I considered building explicit checkpoints for agent memory and context restoration. I dropped that idea quickly. Internal agent state is not easy to serialize, and even if you could serialize it, you would now own a much harder recovery system. Git already stores the state I actually care about: what changed, in what order, on what branch. Using Git as the durability layer gets most of the value for a fraction of the complexity.
Where it stands now#
There's a lot more that needs to be added to the sandbox, but the core loop is completely functional:
- The first complete end‑to‑end run took about 85 seconds: start the container, fetch resources, execute the task, capture media, push the branch and write the result.
- Small tasks like adding a utility function or fixing a type error finish in roughly 7 – 12 seconds.
- The agent can open a browser mid‑session to verify UI changes, not just after the fact.
- Interrupted runs resume on the same branch without redoing completed work. Review feedback and stale branches each have dedicated modes that follow the same container‑per‑task pattern.
There is still plenty missing. I do not have cost or token tracking yet, and orchestration across multiple concurrent sandboxes is still ahead of me.

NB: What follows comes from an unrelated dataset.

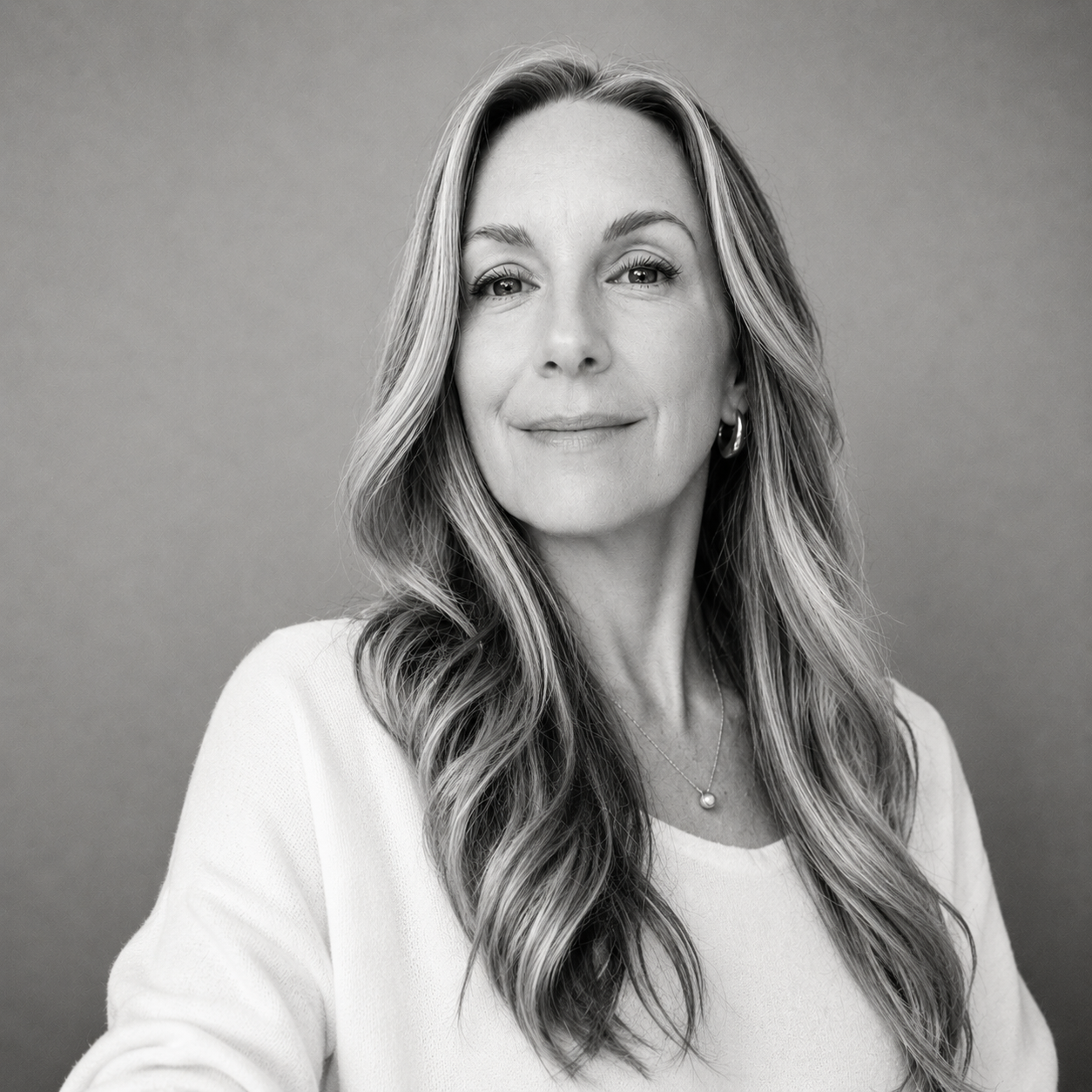 Black and white portrait of a woman with long wavy hair, smiling softly, wearing a light-colored top, earrings, and a necklace, against a plain gray background.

But the part I cared about most is now real: task in, result out, with isolation by default and a recovery story when the container dies.
What I would build next#
The immediate next step is observability: where time goes, where money goes, and which parts of the loop fail most often. Right now I know whether a run succeeded, but not much about why a run was slow or expensive.

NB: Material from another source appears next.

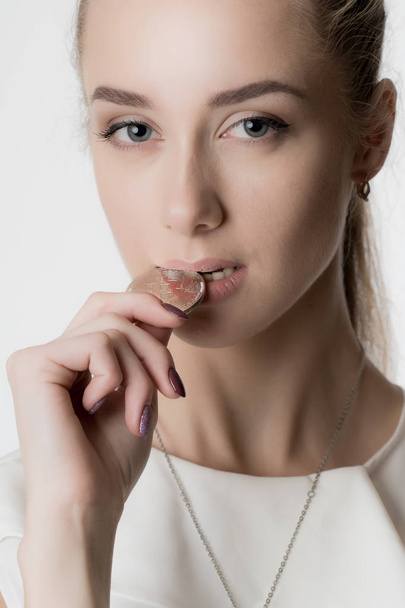 Beautiful girl with silver bitcoin in hand - Foto, Bild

After that comes orchestration — running multiple sandboxes concurrently, dispatching work from a queue, and automatically retrying interrupted runs. The container is already stateless enough for this. The missing piece is the coordinator that manages the fleet.
The bigger takeaway is that the agent is the easy part. The hard part is giving it somewhere to work — an environment that is isolated enough to be safe, durable enough to survive failure, and transparent enough that a human can review what happened. That is the bar I care about. The sandbox is my attempt to clear it.